The first chapter of Rick Moody’s novel Purple America is almost all one sentence. It is a hard sentence about a grown son bathing his terminally ill mother. It’s one of the most brilliant novels I’ve read; here are a few phrases of the five-page sentence.
“Whosoever knows the latitudes of his mother’s body, whosoever has taken her into his arms and immersed her baptismally in the first-floor tub, lifting one of her alabaster legs and then the other over its lip, whosoever bathes her with Woolworth’s soaps in sample sizes, whosoever twists the creaky taps and tests the water on the inside of his wrist,…
whosoever in this instant of sorrow and reverence, knows the answers to why roses bloom, why wineglasses sing, why human lips, when kissed, are so soft, and why parents suffer, he shall never die.”
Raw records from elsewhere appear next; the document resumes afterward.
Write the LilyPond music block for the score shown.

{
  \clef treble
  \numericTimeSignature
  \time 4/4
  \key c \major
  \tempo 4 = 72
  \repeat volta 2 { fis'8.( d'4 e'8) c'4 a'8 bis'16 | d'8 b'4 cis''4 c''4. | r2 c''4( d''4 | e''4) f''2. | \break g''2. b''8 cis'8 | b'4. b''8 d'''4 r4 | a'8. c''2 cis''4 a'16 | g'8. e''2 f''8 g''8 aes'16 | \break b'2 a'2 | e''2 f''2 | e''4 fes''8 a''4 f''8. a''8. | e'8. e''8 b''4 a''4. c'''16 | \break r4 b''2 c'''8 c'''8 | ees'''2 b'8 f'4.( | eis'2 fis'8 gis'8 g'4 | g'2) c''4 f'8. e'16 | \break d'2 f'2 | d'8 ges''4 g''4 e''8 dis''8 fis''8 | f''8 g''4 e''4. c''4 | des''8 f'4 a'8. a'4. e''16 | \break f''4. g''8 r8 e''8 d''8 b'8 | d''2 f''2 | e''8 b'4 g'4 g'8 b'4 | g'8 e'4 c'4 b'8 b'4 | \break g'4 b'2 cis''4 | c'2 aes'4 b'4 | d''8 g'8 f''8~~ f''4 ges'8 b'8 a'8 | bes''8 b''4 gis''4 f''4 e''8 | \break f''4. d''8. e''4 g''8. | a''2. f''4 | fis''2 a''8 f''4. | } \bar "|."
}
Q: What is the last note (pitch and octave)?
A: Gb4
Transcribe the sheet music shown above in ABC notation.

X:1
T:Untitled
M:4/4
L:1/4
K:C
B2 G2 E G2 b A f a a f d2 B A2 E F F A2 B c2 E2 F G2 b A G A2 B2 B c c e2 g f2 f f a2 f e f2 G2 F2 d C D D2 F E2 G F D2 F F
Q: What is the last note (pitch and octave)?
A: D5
Moody balances the stark realities of bathing an invalid with the repeated use of the old-fashioned pronoun “whosoever” giving the sentence a soothing rhythm while the subject is not. The son notices bad smells yet the author talks of rose-sented bathwater and the care the son takes with his bathing and dressing job. The son weeps, then he hugs his mother. He feels fed-up with all the care she requires, yet he kisses her tenderly. The scene would be too bleak for me to bear if it wasn’t for the beauty of Moody’s language. He’s created a powerful balancing act.